» **AIM OF THE TASK**: In the listing, locate the line containing "LAND ROVER RR", then quote it and all following lines exactly. Omit pictures.

» **THE DATA**:
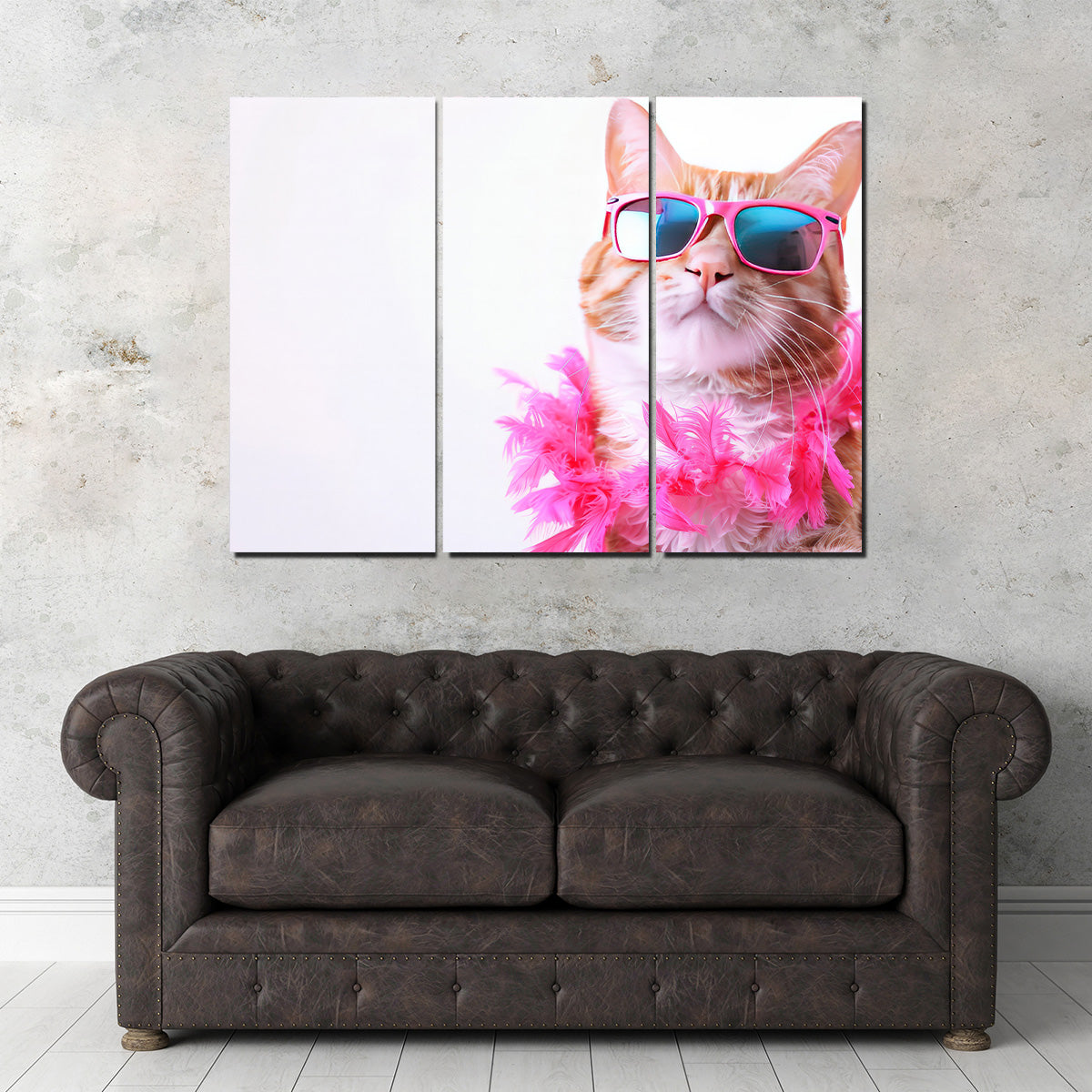 Cool Cat Wall Art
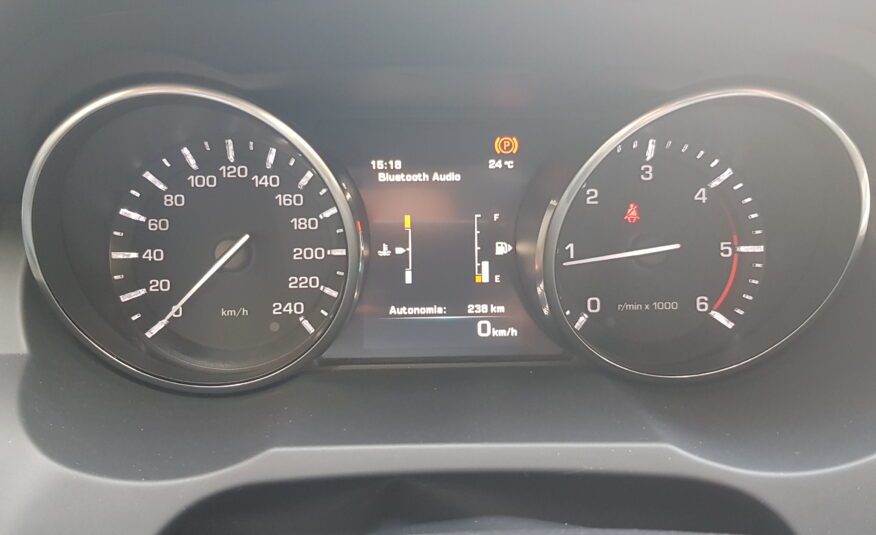 LAND ROVER RR EVOQUE TD4 2.2 150cv  2015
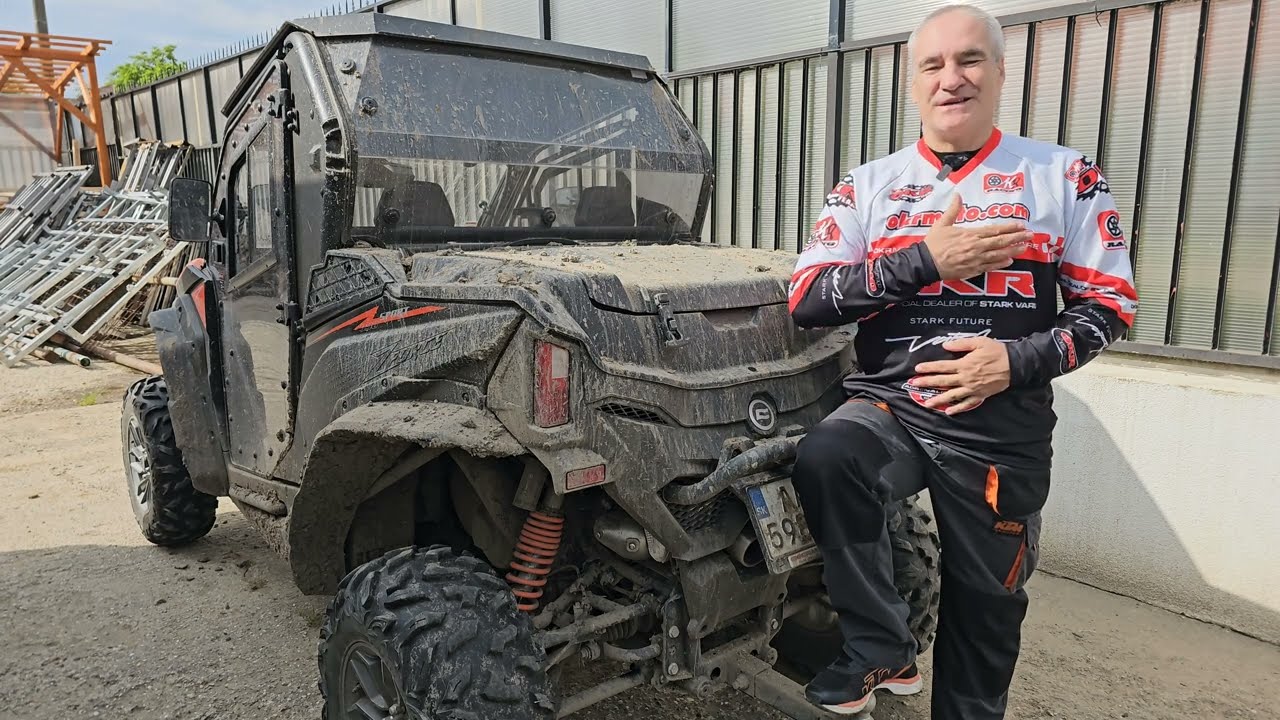 Ako správne umývať štvorkolky ATV, UTV, buginy, skútre a motorky?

» **RESULT BELOW**:
 LAND ROVER RR EVOQUE TD4 2.2 150cv  2015
 Ako správne umývať štvorkolky ATV, UTV, buginy, skútre a motorky?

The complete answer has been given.